**What is expected:** For the material that follows, return exactly the lines from the one with "Dashboard and center" through the one with "Alaska USA Graphic", both ends included.

*** Materials provided Section Begins ***

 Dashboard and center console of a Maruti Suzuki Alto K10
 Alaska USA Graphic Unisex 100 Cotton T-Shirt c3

*** Materials provided Section Ends ***
*** Materials provided Section Begins ***

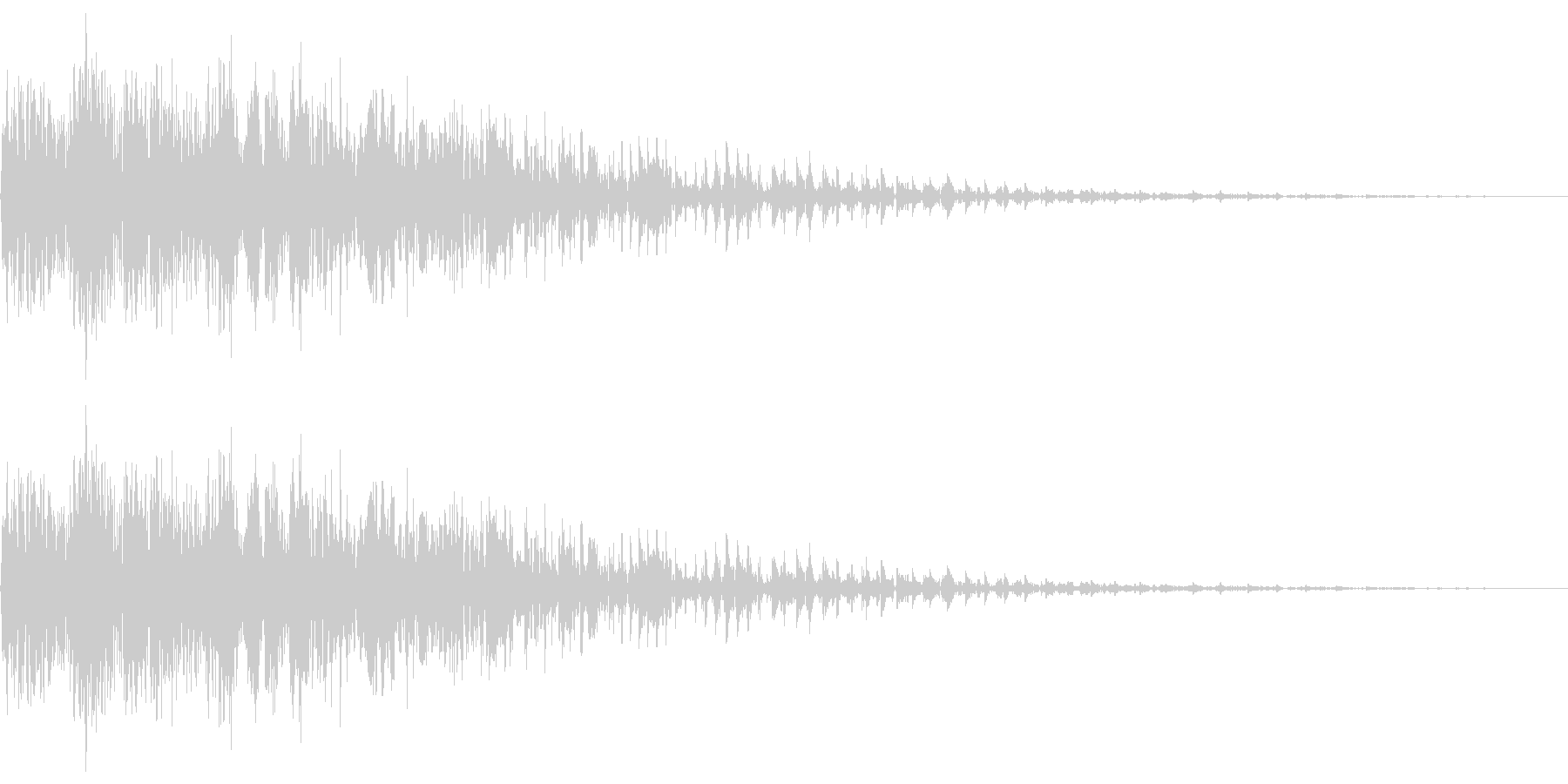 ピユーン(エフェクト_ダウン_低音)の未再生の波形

*** Materials provided Section Ends ***

**Exercise output:**
 Dashboard and center console of a Maruti Suzuki Alto K10
 Alaska USA Graphic Unisex 100 Cotton T-Shirt c3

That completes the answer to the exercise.